The number of young school-leavers below the poverty line is high because many of them have not found productive employment.
It is also found that the number or even the proportion of people below the poverty line in many countries tends to increase, even when the GNP is rising sharply. This is one of the “facts of life” mentioned earlier, which leads us to doubt the “trickle down” theory of GNP growth. It is, therefore, natural to conclude that the provision of productive employment should be the main instrument of reducing poverty, and hence the main tool for economic development. The provision of productive employment sufficient to yield an income above the poverty line is not an easy task.
There are many forces obstructing such a policy.
One of the most potent of such obstacles is the monopoly of technological know-how by the richer countries, which is imported into the developing countries.
While this technology suits the conditions of the industrial countries – plenty of capital and high-level skills and relatively little unskilled labour – it does not suit the developing countries with their different problems and very different resources endowments. When capital-intensive technology is introduced in the developing countries, it creates what economists call a “dualistic” economy – a relatively small sector with a technology similar to that of the industrial countries and with high labour productivity, with the rest of the economy left high and dry to try to make a living with practically no access to capital.
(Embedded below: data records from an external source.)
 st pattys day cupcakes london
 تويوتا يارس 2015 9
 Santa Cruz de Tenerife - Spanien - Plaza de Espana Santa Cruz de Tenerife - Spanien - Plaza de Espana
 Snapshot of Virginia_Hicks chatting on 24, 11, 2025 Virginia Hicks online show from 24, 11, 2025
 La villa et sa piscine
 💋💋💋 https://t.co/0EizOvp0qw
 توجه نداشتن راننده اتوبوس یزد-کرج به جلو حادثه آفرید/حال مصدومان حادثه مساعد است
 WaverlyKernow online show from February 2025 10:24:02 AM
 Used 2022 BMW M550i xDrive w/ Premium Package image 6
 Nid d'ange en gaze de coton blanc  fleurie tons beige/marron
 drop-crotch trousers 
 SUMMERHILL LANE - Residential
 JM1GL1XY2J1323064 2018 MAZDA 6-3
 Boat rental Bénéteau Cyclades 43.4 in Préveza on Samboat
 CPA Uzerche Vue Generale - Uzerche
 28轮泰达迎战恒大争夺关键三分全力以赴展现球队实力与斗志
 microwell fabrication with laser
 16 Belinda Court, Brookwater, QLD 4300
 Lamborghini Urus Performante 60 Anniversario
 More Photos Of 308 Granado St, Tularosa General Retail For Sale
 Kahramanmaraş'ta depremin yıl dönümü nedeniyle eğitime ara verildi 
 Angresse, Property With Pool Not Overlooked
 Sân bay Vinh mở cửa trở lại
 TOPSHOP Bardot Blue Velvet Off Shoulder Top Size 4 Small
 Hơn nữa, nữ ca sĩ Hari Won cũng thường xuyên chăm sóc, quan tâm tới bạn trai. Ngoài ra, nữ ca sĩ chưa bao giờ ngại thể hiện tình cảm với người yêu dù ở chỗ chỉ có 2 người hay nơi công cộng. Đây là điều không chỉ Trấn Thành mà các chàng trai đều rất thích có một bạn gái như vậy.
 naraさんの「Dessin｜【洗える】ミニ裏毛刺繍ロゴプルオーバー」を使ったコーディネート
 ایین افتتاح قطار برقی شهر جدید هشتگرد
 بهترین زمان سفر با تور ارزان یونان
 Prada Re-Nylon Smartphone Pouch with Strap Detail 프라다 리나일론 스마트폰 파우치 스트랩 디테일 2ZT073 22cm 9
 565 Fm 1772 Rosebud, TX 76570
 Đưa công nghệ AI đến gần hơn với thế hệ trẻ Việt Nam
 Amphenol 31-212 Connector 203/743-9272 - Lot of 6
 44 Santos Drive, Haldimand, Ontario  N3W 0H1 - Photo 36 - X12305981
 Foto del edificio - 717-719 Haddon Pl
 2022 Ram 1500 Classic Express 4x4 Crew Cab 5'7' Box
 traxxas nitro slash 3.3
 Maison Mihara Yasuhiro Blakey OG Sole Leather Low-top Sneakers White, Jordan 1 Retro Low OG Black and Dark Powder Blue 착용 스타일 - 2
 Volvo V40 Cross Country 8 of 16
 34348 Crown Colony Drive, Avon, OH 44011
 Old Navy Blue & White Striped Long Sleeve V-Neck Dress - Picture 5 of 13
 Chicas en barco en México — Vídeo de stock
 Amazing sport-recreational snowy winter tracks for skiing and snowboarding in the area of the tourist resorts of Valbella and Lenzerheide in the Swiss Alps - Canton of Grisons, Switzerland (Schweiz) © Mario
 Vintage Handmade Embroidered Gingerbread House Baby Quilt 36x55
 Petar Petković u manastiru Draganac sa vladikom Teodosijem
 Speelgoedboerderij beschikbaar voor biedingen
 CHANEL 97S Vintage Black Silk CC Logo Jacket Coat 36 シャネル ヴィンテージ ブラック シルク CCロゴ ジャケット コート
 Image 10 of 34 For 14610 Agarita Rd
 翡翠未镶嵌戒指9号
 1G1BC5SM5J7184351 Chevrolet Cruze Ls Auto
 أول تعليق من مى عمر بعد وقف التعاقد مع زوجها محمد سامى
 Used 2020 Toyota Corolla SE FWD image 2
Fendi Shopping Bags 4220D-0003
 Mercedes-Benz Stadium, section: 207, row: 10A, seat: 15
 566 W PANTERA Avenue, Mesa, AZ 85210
The latter sector, the so-called “informal sector”, is often treated as a marginal sector outside the economy as a whole, while in fact it is a victim of mistaken development policies not properly geared to the reduction of poverty as a primary objective.
If the reduction of poverty is a primary objective, it is essential that the import of technology should be on a much more selected basis. This will require changes not only in the policy of the developing countries, but also in the international system governing the transfer of technology.
It will also be necessary for developing countries to acquire much greater powers of imported technology as well as the creation of appropriate new technology.
The application of modern scientific and technical know-now should be particularly focused on the improvement of the living standards and income-earning opportunities of the rival and the urban poor.
Efficient technological alternatives exist, and the range of technological choices can be widened by the use of equipment, the adaptation of existing machinery and processes, the revival of obsolete techniques, and the local manufacture of equipment. The emphasis is on the use of appropriate technology.
The conclusion, therefore, must be that just as employment policy is the bulk of development policy but not the whole of it, so the technology problem is the bulk but not the whole of employment policy. It is, therefore, right that it must be one of the main but not the only subject for discussions.
If we can bring progress in this field by improved arrangements in the creation, transfer and dissemination of appropriate technology, this will be a big step towards the improvement of the employment situation and the Economic Order.
Obviously, a sensitive issue, and must be one of the centres of debates.